Dal retail all’automotive, “l’interesse per le tecnologie olografiche sta crescendo sempre di più anche nel nostro paese”

 

Quando realtà virtuale e mondo reale si mischiano nasce ciò che viene definita realtà aumentata. Gli ologrammi ormai non fanno più solo parte del settore dell’intrattenimento, ma stanno costituendo un nuovo business nel campo dell’automotive e del retail. In Italia la Morelli Tech, una start-up con sede a Imola guidata da giovanissimi, ha accettato la sfida di investire in questa tecnologia innovativa, futuristica, che va però formando una realtà sempre più consolidata. Gabriele Udine, chief technology officer dell’azienda a soli 19 anni, afferma che l’interesse per la realtà aumentata in Italia “sta crescendo giorno dopo giorno”.

 

Come è nata la vostra azienda e perché avete deciso di puntare sulla realtà aumentata?

Il progetto è nato intorno a Marzo del 2019. Dopo aver preso la patente da un po’ ci siamo accorti quanto fosse difficile mantenere la concentrazione al volante. Informandoci abbiamo constatato che ben 4 incidenti su 10 erano causati solamente da distrazione. Abbiamo pensato che servisse un sistema che permettesse di monitorare tutto ciò che può causare distrazioni senza distogliere lo sguardo dalla strada. Nelle proiezioni olografiche – e nella realtà aumentata in generale – abbiamo trovato la nostra soluzione a questo problema.
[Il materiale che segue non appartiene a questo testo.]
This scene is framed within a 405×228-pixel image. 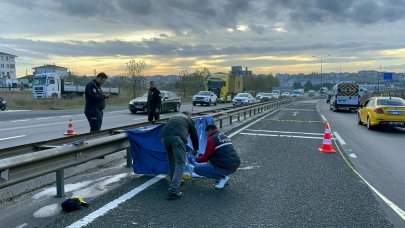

Ed è così che è nato Holoclip, il vostro primo prodotto. Avete applicato la realtà aumentata anche a settori diversi dall’automotive?

Attualmente siamo molto attivi nel reparto del retail. In particolare ci occupiamo di proiezioni delle pubblicità nei punti vendita. In Italia è una tecnologia ancora poco adottata e che vogliamo proporre come una novità. Abbiamo avuto la possibilità di parlare con molte persone provenienti da tutto il mondo al CES 2020 di Las Vegas: abbiamo avuto diversi incoraggamenti per questa idea e per anche altre su cui lavoreremo nel prossimo futuro.

Ma quali sono i benefici pratici dell’utilizzo della realtà aumentata?

Nel settore automotive la realtà aumentata consente di concentrare tutto ciò che si trova sul telefono o sul display del veicolo direttamente sul parabrezza, permettendo così al guidatore di avere una panoramica di tutte le funzionalità e ridurre al minimo le distrazioni. Inoltre il cruscotto, ormai libero, può essere così utilizzato per altre funzionalità magari più mirate al comfort.

Per quanto riguarda il retail, invece, le olografie sono utilizzate per pubblicizzare i prodotti, con una modalità che presto potrà anche divenire interattiva. In questo modo si ha un discreto vantaggio ecologico, dal momento che viene limitata la stampa di migliaia di cartelloni: sarà sufficiente cambiare il prodotto proiettato a ogni nuova campagna pubblicitaria.

 

Passiamo all’Italia. Che prospettive hanno le aziende che vogliono investire nella realtà aumentata?

Sicuramente in Italia non costituisce attualmente il settore su cui le aziende puntano maggiormente. Però ormai il mondo della tecnologia si sta muovendo sempre di più verso la realtà aumentata e sta arrivando anche in Italia. Il miglior riscontro alle nostre idee è arrivato  dall’estero, ma ciò non toglie che in Italia l’interesse per queste tecnologie sia già nato e stia crescendo notevolmente giorno dopo giorno.